Dichiarò soddisfatto il barone.

 

Il cadavere era lì, coperto di sangue, ormai irriconoscibile.

Daniel era rimasto paralizzato, ancora con il pugnale del rituale in mano.

A vedersi sembrava un semplice ragazzo inglese, educato e tranquillo, ma con quell’arma in mano incuteva un certo terrore.

 

Alexander si avvicinò all’amico e lo strinse a sé, in un caldo abbraccio.

Lui non si mosse, rimanendo immobile tra le sue braccia.

Non era ancora pronto a tutte queste emozioni.

 

Daniel, che sembrava ancora sconvolto, sospirò.

“Come dice lei, barone…”

 

“Non preoccuparti, era solo un assassino. Una persona orribile.
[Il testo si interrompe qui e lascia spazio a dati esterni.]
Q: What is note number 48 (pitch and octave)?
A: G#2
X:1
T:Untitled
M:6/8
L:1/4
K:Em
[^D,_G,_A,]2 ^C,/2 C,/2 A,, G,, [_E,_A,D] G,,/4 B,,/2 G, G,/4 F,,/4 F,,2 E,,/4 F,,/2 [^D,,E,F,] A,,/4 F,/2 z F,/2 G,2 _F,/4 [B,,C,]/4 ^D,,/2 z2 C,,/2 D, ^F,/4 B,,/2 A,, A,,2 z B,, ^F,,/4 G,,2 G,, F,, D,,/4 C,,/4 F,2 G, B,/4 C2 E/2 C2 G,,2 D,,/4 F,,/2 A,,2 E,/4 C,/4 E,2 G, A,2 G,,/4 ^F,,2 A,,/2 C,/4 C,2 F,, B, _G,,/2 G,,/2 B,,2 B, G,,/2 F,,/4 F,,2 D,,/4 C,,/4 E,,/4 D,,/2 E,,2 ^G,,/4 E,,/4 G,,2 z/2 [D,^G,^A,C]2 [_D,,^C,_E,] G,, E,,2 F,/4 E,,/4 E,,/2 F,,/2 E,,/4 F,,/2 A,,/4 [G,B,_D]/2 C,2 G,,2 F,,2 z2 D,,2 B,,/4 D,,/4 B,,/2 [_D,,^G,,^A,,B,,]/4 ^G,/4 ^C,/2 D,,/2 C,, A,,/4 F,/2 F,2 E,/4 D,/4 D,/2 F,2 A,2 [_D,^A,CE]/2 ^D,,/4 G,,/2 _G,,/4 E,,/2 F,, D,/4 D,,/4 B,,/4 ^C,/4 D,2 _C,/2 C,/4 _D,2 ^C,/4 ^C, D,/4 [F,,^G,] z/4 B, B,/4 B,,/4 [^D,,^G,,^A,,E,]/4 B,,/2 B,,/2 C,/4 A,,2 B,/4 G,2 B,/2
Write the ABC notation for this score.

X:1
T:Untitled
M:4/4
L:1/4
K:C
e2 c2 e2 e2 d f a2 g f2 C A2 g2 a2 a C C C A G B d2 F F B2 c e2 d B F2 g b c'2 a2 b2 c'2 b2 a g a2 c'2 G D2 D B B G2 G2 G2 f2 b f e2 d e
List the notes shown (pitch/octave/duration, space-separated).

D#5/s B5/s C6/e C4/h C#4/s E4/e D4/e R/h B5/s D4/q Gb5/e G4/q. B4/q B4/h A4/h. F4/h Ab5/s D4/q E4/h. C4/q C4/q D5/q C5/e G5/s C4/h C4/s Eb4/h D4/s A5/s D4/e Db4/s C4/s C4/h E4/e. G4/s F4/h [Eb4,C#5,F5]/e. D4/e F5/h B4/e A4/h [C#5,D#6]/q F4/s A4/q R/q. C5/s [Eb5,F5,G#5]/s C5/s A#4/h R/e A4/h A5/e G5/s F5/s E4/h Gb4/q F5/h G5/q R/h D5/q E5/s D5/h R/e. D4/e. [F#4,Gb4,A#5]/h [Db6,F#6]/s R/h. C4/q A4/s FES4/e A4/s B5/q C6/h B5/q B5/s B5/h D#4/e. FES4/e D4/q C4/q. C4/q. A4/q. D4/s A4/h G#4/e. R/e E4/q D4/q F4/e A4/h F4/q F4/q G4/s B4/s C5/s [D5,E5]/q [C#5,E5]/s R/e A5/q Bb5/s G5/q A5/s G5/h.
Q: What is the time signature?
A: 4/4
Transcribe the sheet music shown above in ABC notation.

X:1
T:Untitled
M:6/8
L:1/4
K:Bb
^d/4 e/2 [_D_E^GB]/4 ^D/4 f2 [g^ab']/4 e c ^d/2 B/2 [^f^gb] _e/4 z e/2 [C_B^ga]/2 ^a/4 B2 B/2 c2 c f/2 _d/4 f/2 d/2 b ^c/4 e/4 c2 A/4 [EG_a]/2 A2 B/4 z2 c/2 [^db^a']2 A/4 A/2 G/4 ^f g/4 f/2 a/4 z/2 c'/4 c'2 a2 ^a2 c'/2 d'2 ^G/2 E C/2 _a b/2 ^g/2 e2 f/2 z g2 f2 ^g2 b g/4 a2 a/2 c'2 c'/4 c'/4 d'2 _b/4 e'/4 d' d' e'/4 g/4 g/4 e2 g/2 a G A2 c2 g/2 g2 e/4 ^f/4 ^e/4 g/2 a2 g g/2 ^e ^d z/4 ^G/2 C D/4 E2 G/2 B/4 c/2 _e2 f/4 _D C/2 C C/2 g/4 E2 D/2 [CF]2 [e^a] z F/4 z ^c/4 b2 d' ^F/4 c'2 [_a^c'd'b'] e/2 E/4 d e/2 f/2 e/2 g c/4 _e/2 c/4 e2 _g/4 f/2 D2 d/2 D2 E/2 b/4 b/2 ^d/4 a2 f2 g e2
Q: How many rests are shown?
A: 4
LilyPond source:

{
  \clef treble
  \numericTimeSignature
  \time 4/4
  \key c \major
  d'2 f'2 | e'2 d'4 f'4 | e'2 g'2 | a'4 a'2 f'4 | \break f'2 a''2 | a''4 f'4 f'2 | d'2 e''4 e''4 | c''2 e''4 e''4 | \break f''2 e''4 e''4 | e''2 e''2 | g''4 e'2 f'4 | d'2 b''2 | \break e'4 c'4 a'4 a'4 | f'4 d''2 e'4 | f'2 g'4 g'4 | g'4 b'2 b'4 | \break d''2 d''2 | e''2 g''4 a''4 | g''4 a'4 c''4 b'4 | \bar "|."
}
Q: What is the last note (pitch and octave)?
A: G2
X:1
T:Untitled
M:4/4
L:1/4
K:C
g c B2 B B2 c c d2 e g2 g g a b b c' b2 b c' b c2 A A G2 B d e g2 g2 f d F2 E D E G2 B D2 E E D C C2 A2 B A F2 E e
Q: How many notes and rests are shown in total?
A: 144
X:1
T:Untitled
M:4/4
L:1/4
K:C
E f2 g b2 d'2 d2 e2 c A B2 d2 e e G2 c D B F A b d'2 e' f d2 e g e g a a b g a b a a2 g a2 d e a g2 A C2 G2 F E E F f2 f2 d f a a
Si meritava tutto questo. Tu lo sai bene.”

“Però… non è giusto.”

 

Le lacrime scesero dagli occhi di Daniel.

Sicuramente a causa del senso di colpa e della paura.

Alexander lo aveva intuito, perciò provò a farlo sentire più a suo agio.

 

Batté leggermente le unghie su una candela spenta.

“Daniel, potresti prendermi qualche acciarino? Ne ho bisogno.”

 

Non era vero. Il vecchio uomo aveva un’ottima vista, anche al buio.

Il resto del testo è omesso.